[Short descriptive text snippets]

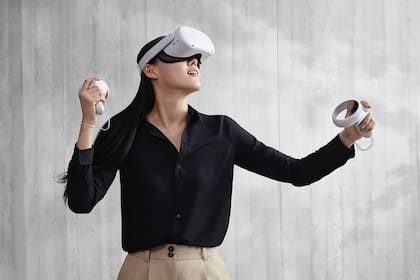 03-11-2021 Dispositivo Oculus Quest 2.  Oculus está probando en sus gafas de realidad virtual Oculus Quest una nueva función llamada Space Sense, que refuerza la seguridad del usuario cuando las utiliza y evita que este se tropiece con objetos y personas que se encuentran dentro de los límites del juego.  POLITICA INVESTIGACIÓN Y TECNOLOGÍA OCULUS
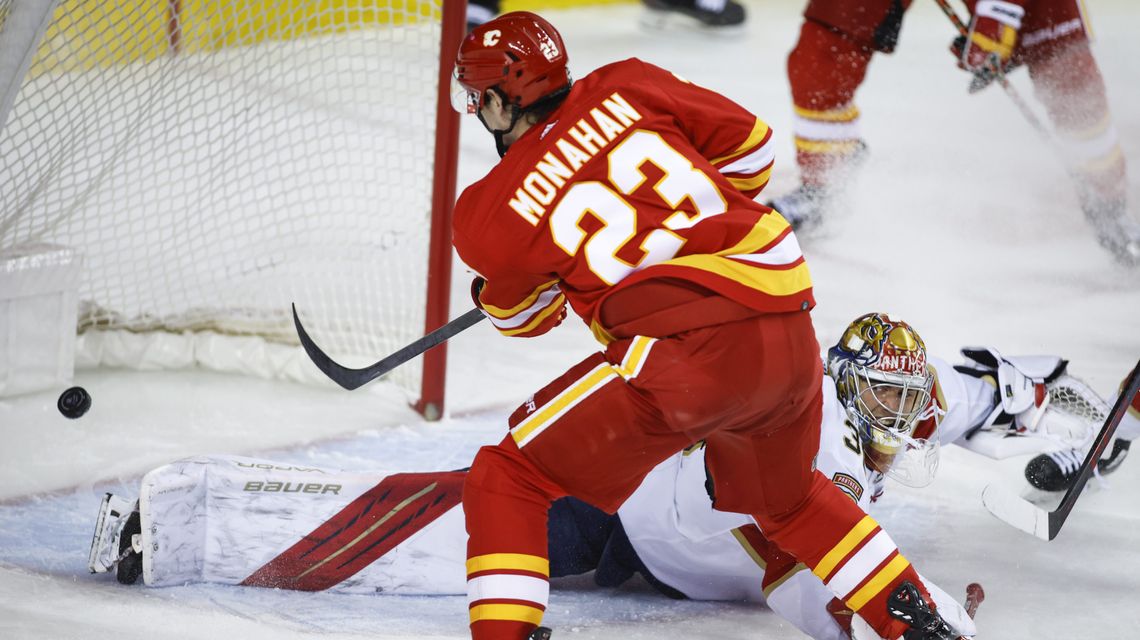 Monahan scores twice, Flames beat Panthers 5-1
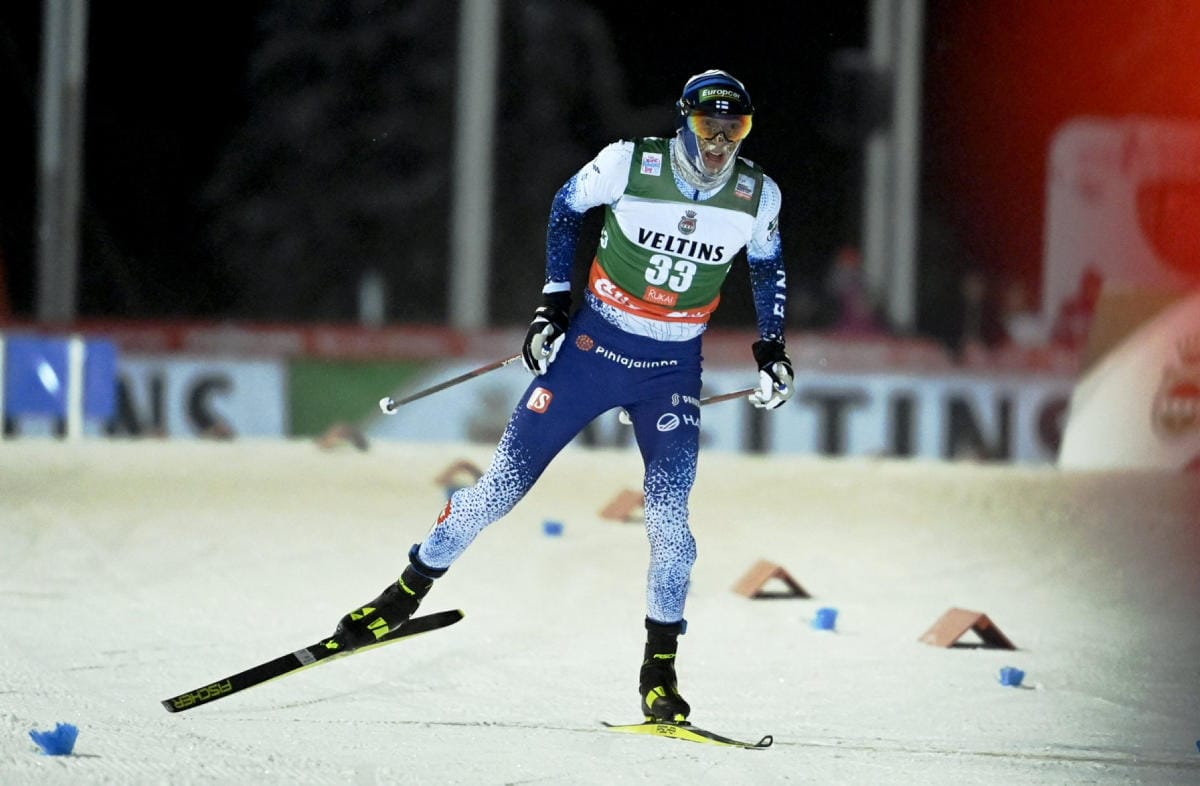 Hiihto oli aika lähellä maksimia, Ilkka Herola arvioi vauhtiaan kirpeässä pakkassäässä. LEHTIKUVA / Heikki Saukkomaa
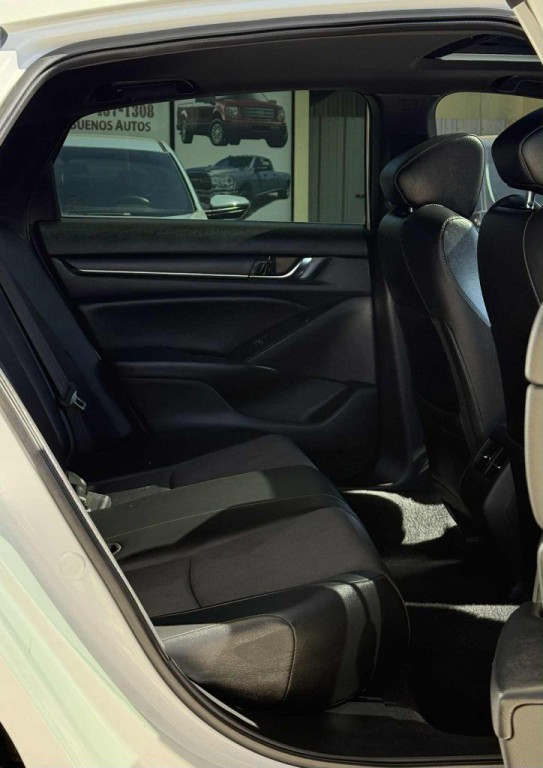2020 Honda Accord Image 11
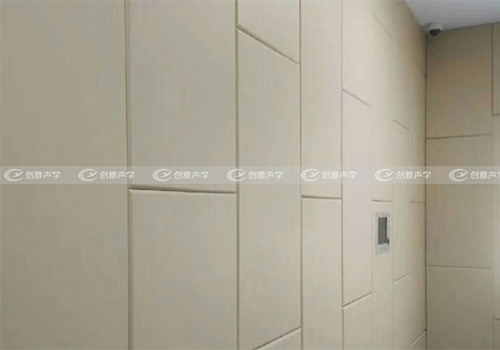 爲什麽審訊室牆面要安裝防撞軟包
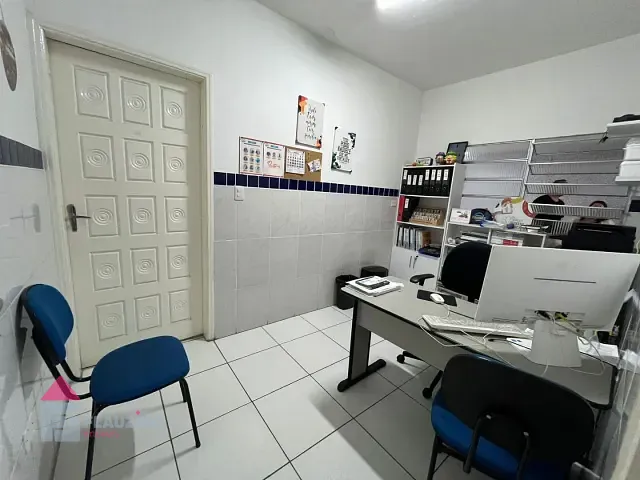 Sobrado com 100m² 11 quartos e 8 banheiros, para alugar, no bairro Jardim Santa Efigênia em São Paulo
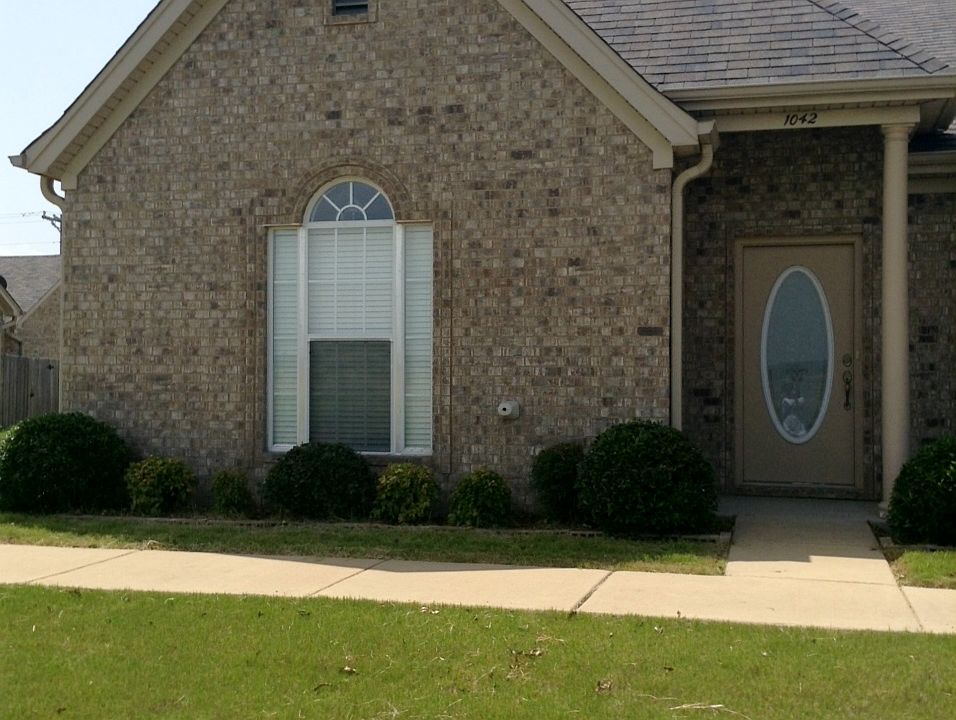 1st image of 1042 Vista Park Cir W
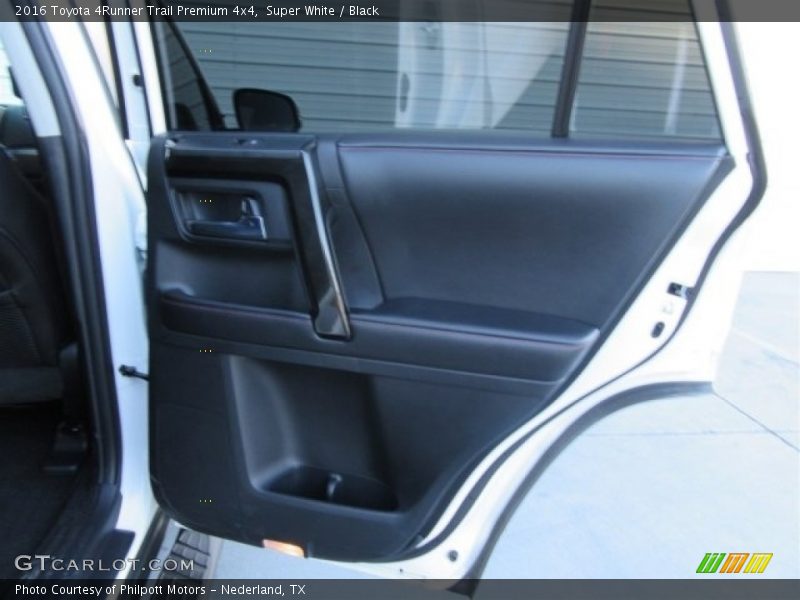 Super White / Black 2016 Toyota 4Runner Trail Premium 4x4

■ **TASK ITEM**:
Return each line above word for word. Skip the pictures.

■ **WRITTEN SOLUTION**:
 03-11-2021 Dispositivo Oculus Quest 2.  Oculus está probando en sus gafas de realidad virtual Oculus Quest una nueva función llamada Space Sense, que refuerza la seguridad del usuario cuando las utiliza y evita que este se tropiece con objetos y personas que se encuentran dentro de los límites del juego.  POLITICA INVESTIGACIÓN Y TECNOLOGÍA OCULUS
 Monahan scores twice, Flames beat Panthers 5-1
 Hiihto oli aika lähellä maksimia, Ilkka Herola arvioi vauhtiaan kirpeässä pakkassäässä. LEHTIKUVA / Heikki Saukkomaa
2020 Honda Accord Image 11
 爲什麽審訊室牆面要安裝防撞軟包
 Sobrado com 100m² 11 quartos e 8 banheiros, para alugar, no bairro Jardim Santa Efigênia em São Paulo
 1st image of 1042 Vista Park Cir W
 Super White / Black 2016 Toyota 4Runner Trail Premium 4x4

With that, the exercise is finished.